Abstract
Aim
To study the clinical profile and course and to assess the outcome of patients with biopsy-proven primary membranous nephropathy (MN).
Methods
This study was carried out in a tertiary care hospital between December 2017 and December 2021 on four-year retrospective biopsy-proven patients with membranous nephropathy (MN). Urinary proteins, serum albumin, and serum creatinine were the baseline investigations that were performed. Special tests were done whenever necessary. Patients were treated with a modified Ponticelli (MP) regimen whenever needed. Patients were followed up after treatment administration for a minimum of a year.
Results
The study was done in 48 biopsy-proven MN patients. Thirty-six patients had primary MN with a mean age of 47+/-11.7 years. The male-female ratio was 2.6:1. Hypertension was present in 39% (14 patients), microscopic hematuria in 28% (10 patients), and acute kidney injury in 22% (8 patients). The mean 24-hour urinary protein was 11.2+/-2.9 g/day. PLA2R was positive in 78% (28 patients) of primary MN patients. Spontaneous remission was noted in 13.8% (5 patients) who were treated conservatively. Spontaneous remission was associated with lower baseline proteinuria (p<0.001), higher baseline serum albumin (p<0.001), and PLA2R negativity (p=0.04). Complete or partial treatment response was noted in 74.2% (23 patients). Treatment remission was associated with lower baseline proteinuria (p=0.018).

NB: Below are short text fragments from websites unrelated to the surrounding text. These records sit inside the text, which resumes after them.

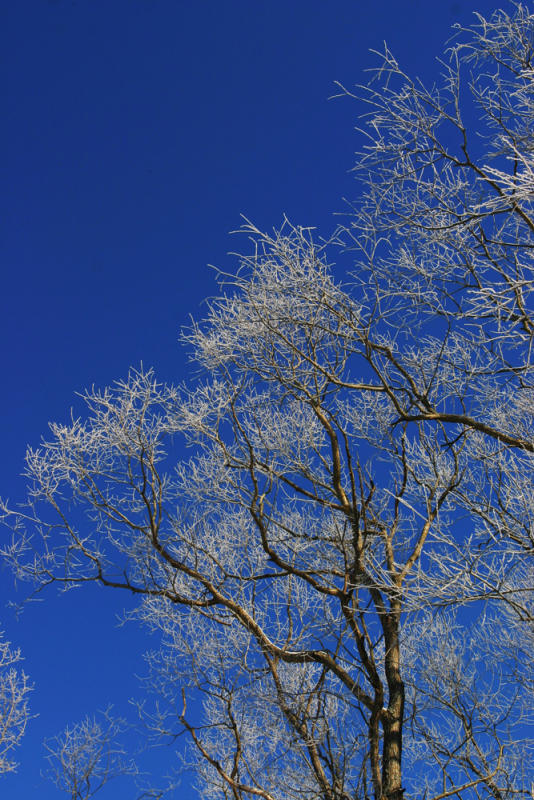 Blue Sky
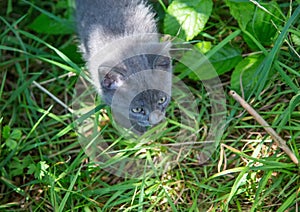 Young and curious grey wild cat at the alps of Switzerland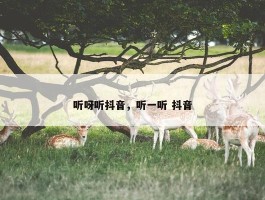 听呀听抖音，听一听 抖音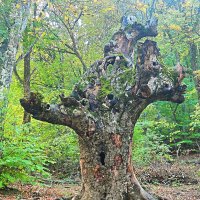 Вдоль экотропы к водопаду Джур-Джур :: Виктор Мухин Вдоль экотропы к водопаду Джур-Джур :: Виктор Мухин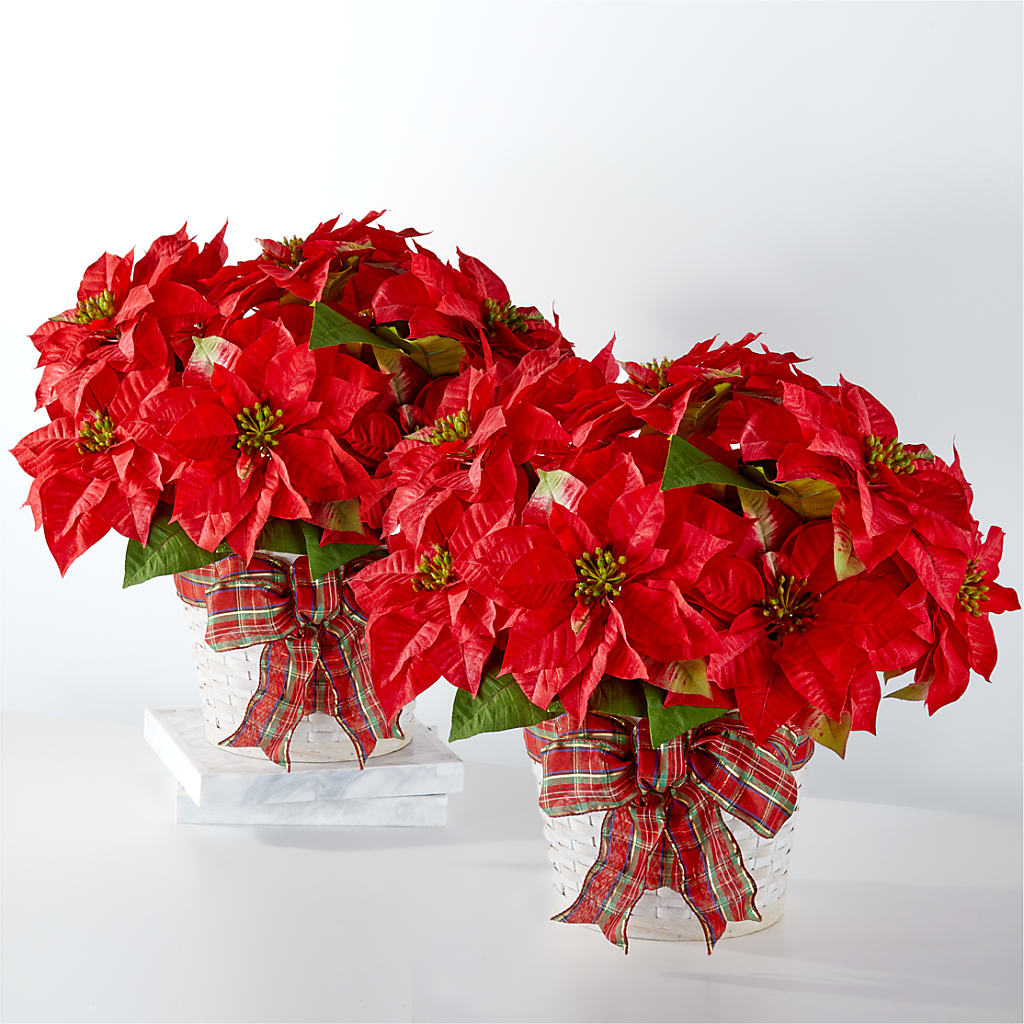 Happiest Holidays Poinsettia Bundle – La Fleur Bijou, Fort Lauderdale FL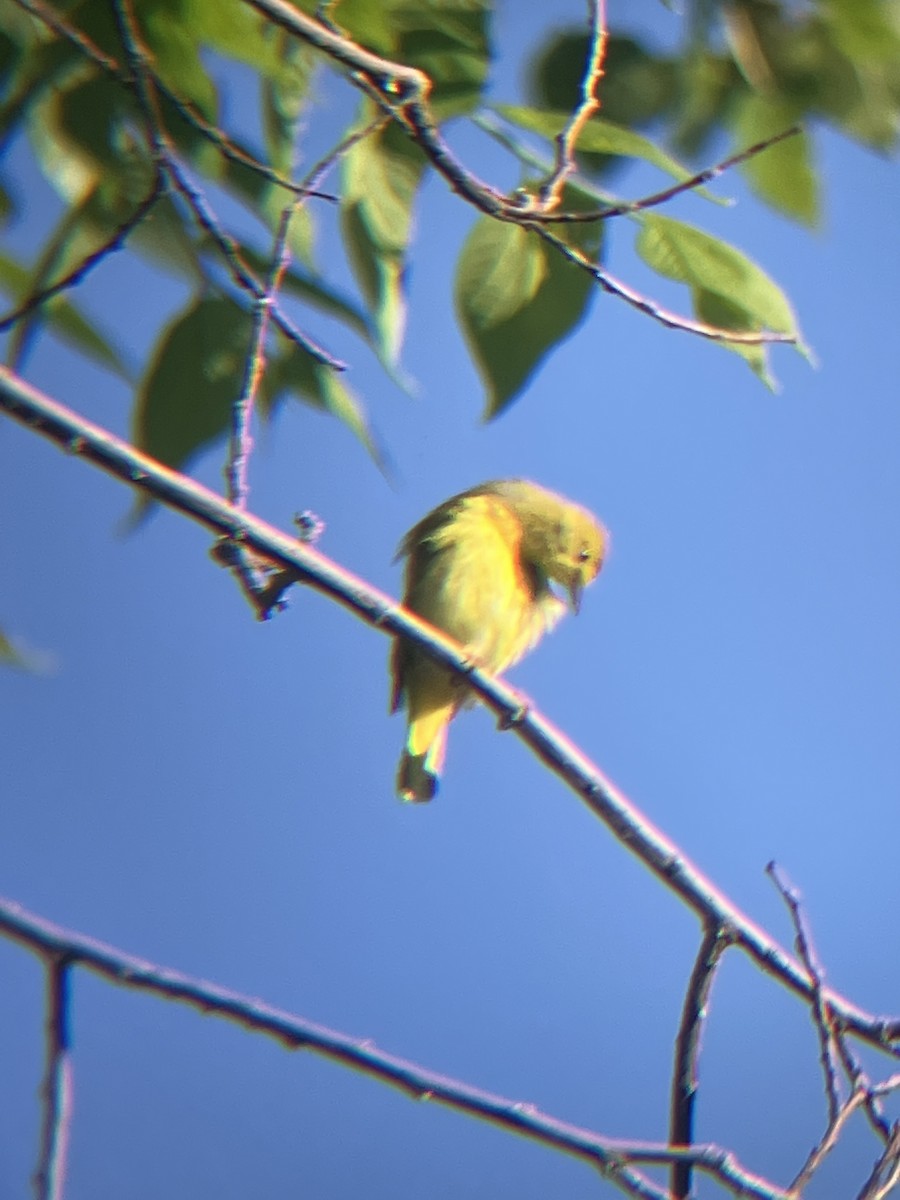 Sarı Ötleğen - ML647890867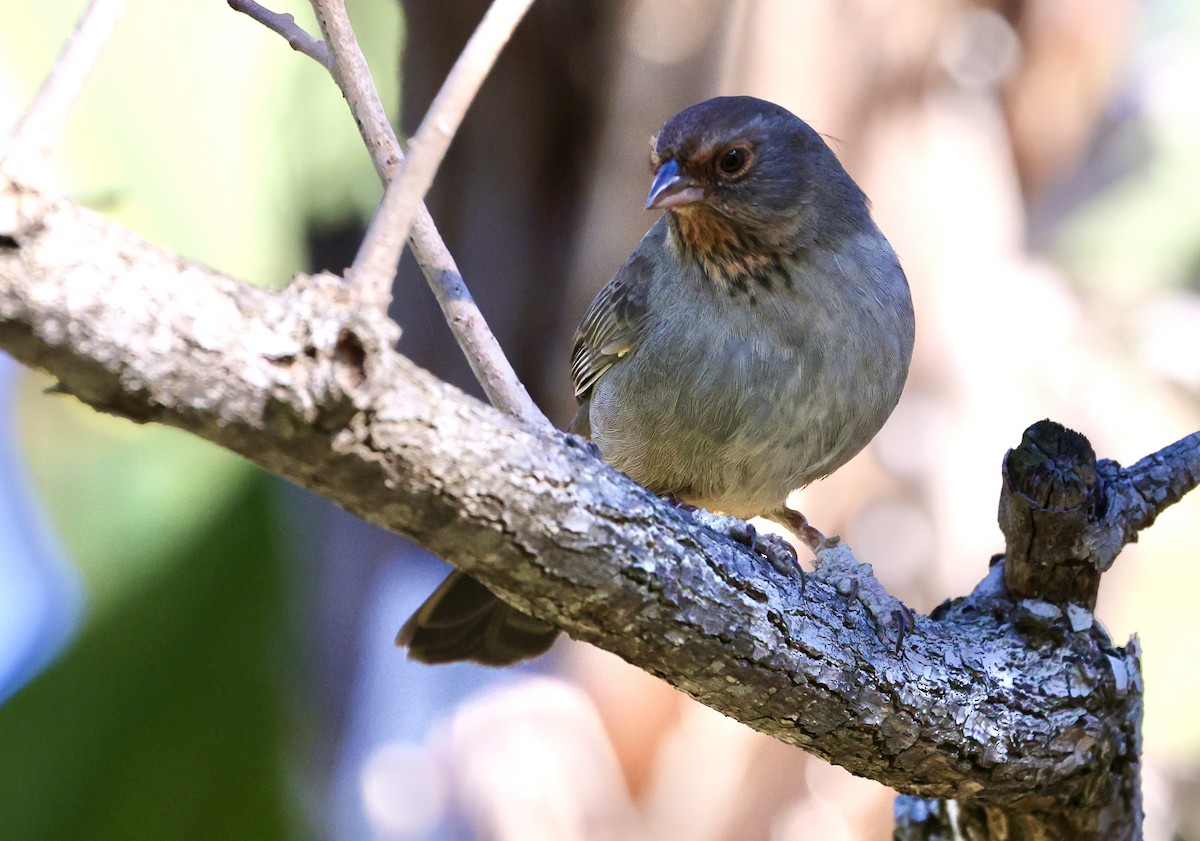 California Towhee - ML646421906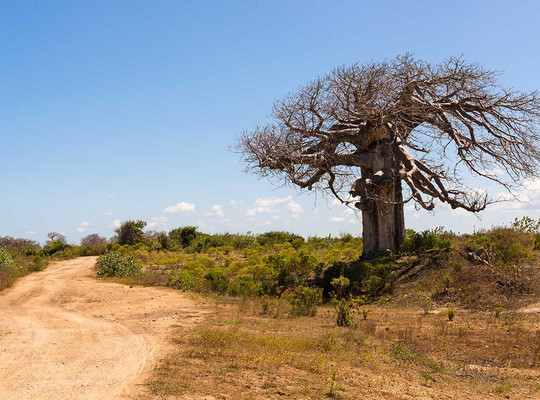 nomade SAFARI-蒙巴萨必去景点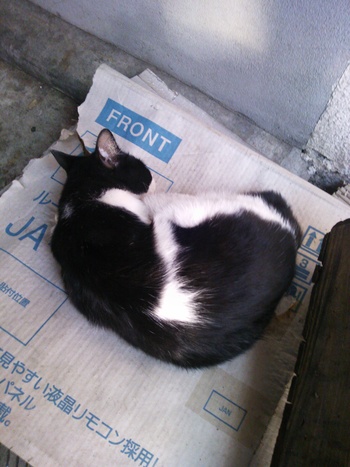 長崎猫 市内にゃんこ其の121
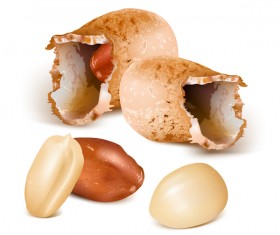 Realistic peanut vector illustration 01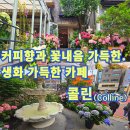 [합정/상수] 생화가 가득한. 힐링하기 좋은. 홍대 플라워카페 :: 콜린(Colline) / 솔직후기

Secondary membranous nephropathy (secondary MN) was diagnosed in 12 patients. Eleven were class V lupus nephritis, all women, and one male person living with HIV/AIDS (PLHA).
Conclusions
The majority of our primary MN patients were PLA2R positive on renal biopsy. Statistically significant factors associated with spontaneous remission were lower proteinuria, higher serum albumin at baseline, and PLA2R negativity. Treatment response was associated with lower proteinuria at presentation. The most common cause of secondary MN was lupus nephritis.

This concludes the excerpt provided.